Central Military Commission of the Workers' Party of Korea

Agency overview
- Jurisdiction: Korean People's Army; Worker-Peasant Red Guards;
- Agency executives: Kim Jong Un, Chairman; Vice Marshal Ri Yong-gil, Vice Chairman; Marshal Ri Pyong-chol, Vice Chairman;
- Parent agency: Central Committee of the Workers' Party of Korea

= Central Military Commission of the Workers' Party of Korea =

North Korean WPK's military organ

The Central Military Commission of the Workers' Party of Korea (CMC) is an organ of the Central Committee of the Workers' Party of Korea (WPK) which heads the Korean People's Army (KPA).

One of the CMC's primary functions is to authorize defense and munitions spending and product orders, and to determine how natural resources and products from military-controlled production units are earmarked and distributed domestically and for sale abroad. According to the WPK rules, the CMC directs WPK activities in the KPA and is chaired by the WPK General Secretary and the officeholder is also the Commander-in-Chief of North Korea.

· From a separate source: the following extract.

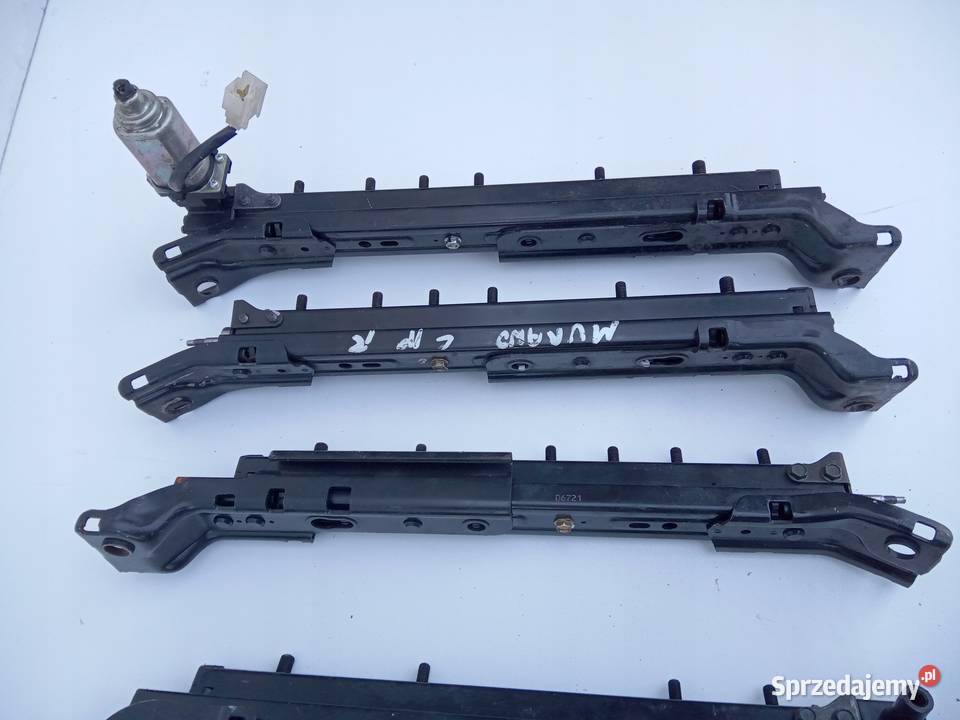 PROWADNICA SZYNA FOTELA KIEROWCY NISSAN MURANO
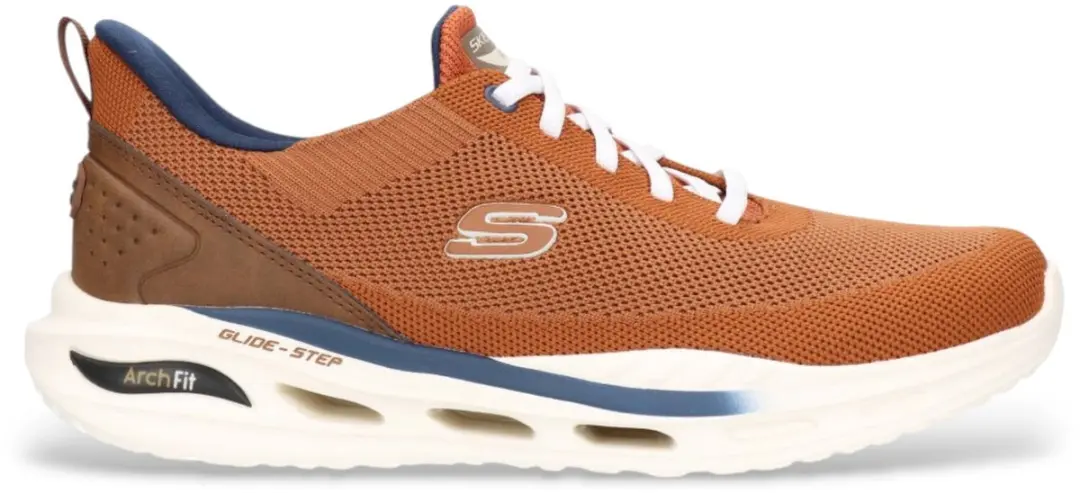 Skechers Slip-ins Relaxed Fit Slippers Arch Fit Orvan Kincade oranje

The CMC relies on a number of organizations to carry out its mandate, including the KPA General Political Bureau, the WPK Military Government Guidance Department, and the WPK Munitions Industry Department (aka Defense Industry Department).

==History==
The Central Military Commission of the Workers' Party of Korea was established at the 5th plenary meeting of the 4th Central Committee of the Workers' Party of Korea held on 10–14 December 1962. During its establishment, it was a committee subordinate to the WPK Central Committee under the full name Military Committee of the Central Committee of the Workers' Party of Korea.

The committee was organized to its present form at the 6th plenary meeting of the 6th WPK Central Committee held on 29–31 August 1982. An amendment to the WPK charter in 1982 is believed to have made the CMC equal to the Central Committee, enabling it (among other things) to elect the WPK leader. The last public listing of the CMC was at the 21st Plenary Session of the 6th Central Committee in December 1993. By the 3rd Conference, seven of its nineteen 1993 members remained; the other twelve had either died, retired or were purged.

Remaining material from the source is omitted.